Lovecraft Country follows Atticus Freeman (Jonathan Majors), a Korean War veteran, on a journey across a 1950s Jim Crow America in search of his missing father, Montrose (Williams). He’s accompanied by his childhood friend Letitia (Smollet) and his uncle George (Vance). That’s right, folks. Three black people are taking a road trip through America, at a time when the hate for Black people wasn’t hidden behind anti-progressive rhetoric like “All Lives Matter,” but instead right out in the open with signs like “We Want White Tenants in Our White Community” and “Don’t Let the Sun Set On You Here, Understand?” What could possibly go wrong?
Lovecraft is filled with this kind of imagery, and it’s as relevant today as it was when that kind of garbage was “normal.”
For the uninitiated, Lovecraft Country began its life as a novel of the same name written by Matt Ruff way back in 2016. Remember 2016? T’was a simpler time. Anyway, using Ruff’s novel as a blueprint, Green reimagined the tale for television, and from what I can tell she’s remained pretty true to the original text. There are some deviations here and there -- names and familial connections and such -- but in my opinion they’re all for the better.
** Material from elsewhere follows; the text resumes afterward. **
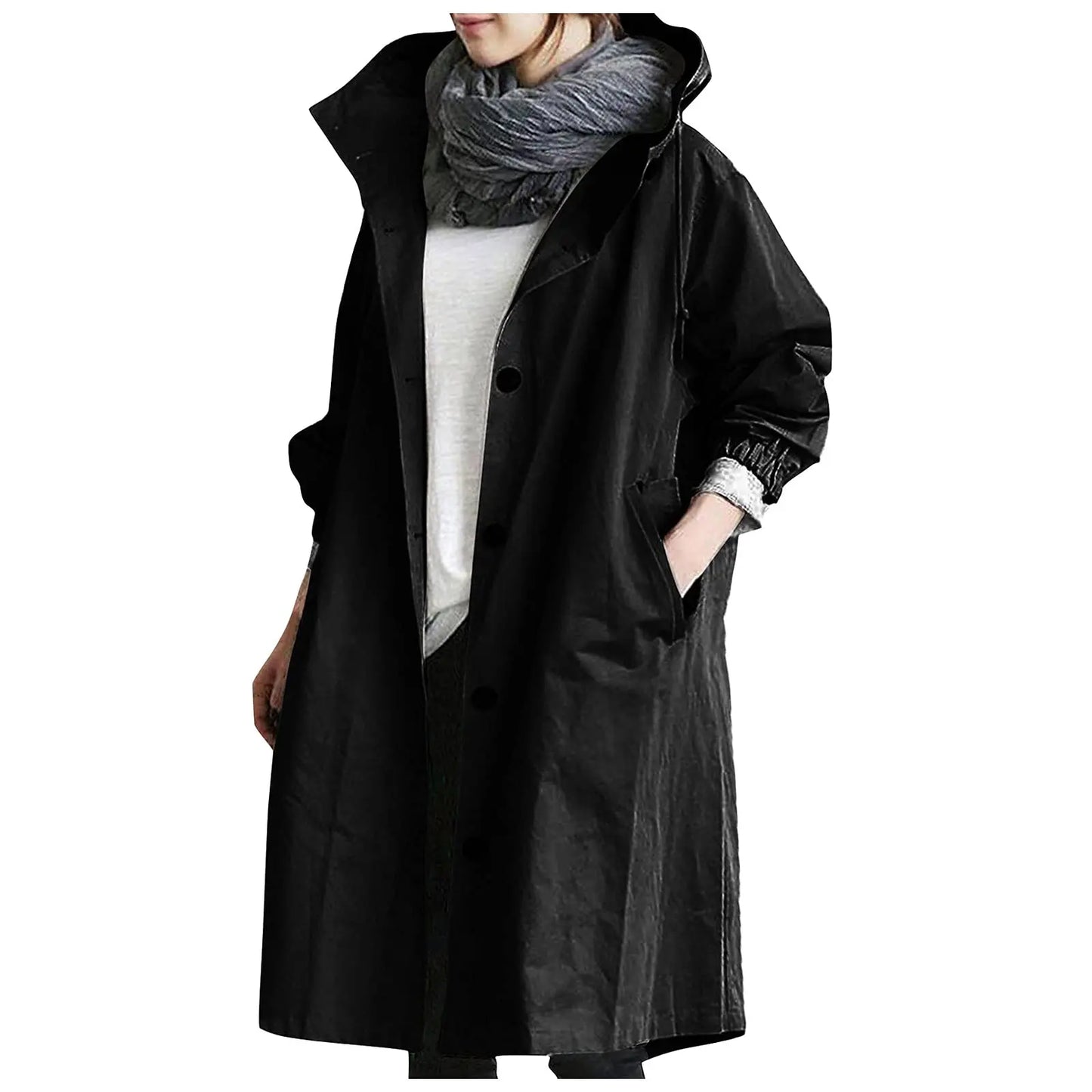 【Novos produtos para o outono e inverno】Casaco corta-vento casual de comprimento médio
The thing that makes Lovecraftspecial is the part that Green’s Underground didn’t have: Elements of both science fiction and fantasy.
Green’s modus operandi in Underground was quite similar to what she has done with Lovecraft now. She took a meticulously researched and therefore historically accurate setting, added powerful actors and emotionally intelligent writing, and then used modern-day photography and contemporary music to depict the commonalities of the human experience that both the viewer and the show’s characters share. Sure, my description of this process is an oversimplification at best -- but it still applies to both shows.
The real difference here is time management. On Underground, it was pretty much wall-to-wall racism, bigotry and human atrocities for what seemed like 99% of every episode. I mean, in the first line of my 2017 review of the series I call it “a tough pill to swallow.” Lovecraft Country is similar in that regard, with one very important distinction: the sci-fi and magic stuff present are like a huge glass of water with which to wash down said pill.
At the time that I’m writing this, L.C. is already more than halfway through its ten-episode season, and while the show sucked me in in a way that I definitely didn’t anticipate, it still got hung up on some of the same snares that plagued similar HBO shows like Westworld and Watchmen. Westworld, also based on a popular novel, has a lot going on, and in order for it all to make sense it had to slowly be fed to the audience in the beginning. Once that second or third episode rolled around, everything was gravy, and the narrative train was fully in motion.
Same thing went for Watchmen, which kind of had to pick up speed as it went along.
The first and second episodes of Lovecraft feel like a standalone movie that annoyingly does it’s best to raise more questions than answers in hope of securing a sequel (hence all the flashy special effects right out of the gate). Fortunately, it isn’t a movie, so viewers immediately get their “sequel,” assuming they stick around. After watching the first two episodes I had so many more questions than answers (narratively) that I almost never watched the third one. Thankfully I did, and like clockwork, that narrative train was up and moving at Snowpiercer speed, finally making me say “holy shit” more than I said “WTF.”
Smollet, who also starred in Underground, makes it very clear why she’s here, and constantly maintains an award-worthy performance that shouldn’t be missed (especially during the powerful ending of the third episode, Holy Ghost, which brought tears to my eyes). The same can be said for Mosaku, whose range is as unbelievable as her character, Ruby, is badass (see: Episode 3, Strange Case), and Majors, who does a great job of subtly fleshing out what is low-key a pretty two-dimensional leading character.
So, what is Lovecraft Country at the end of the day? At this point in the season it kind of feels like if the movie National Treasure and the series When They See Us had a baby, and then that movie was rebooted as a televised horror series with a solid budget by the guys that brought you Get Out and the most recent Star Warsflick. It’s definitely a beast all its own, and just like wearing a mask, it may not be fun the entire time, but you definitely won’t regret it in the long run.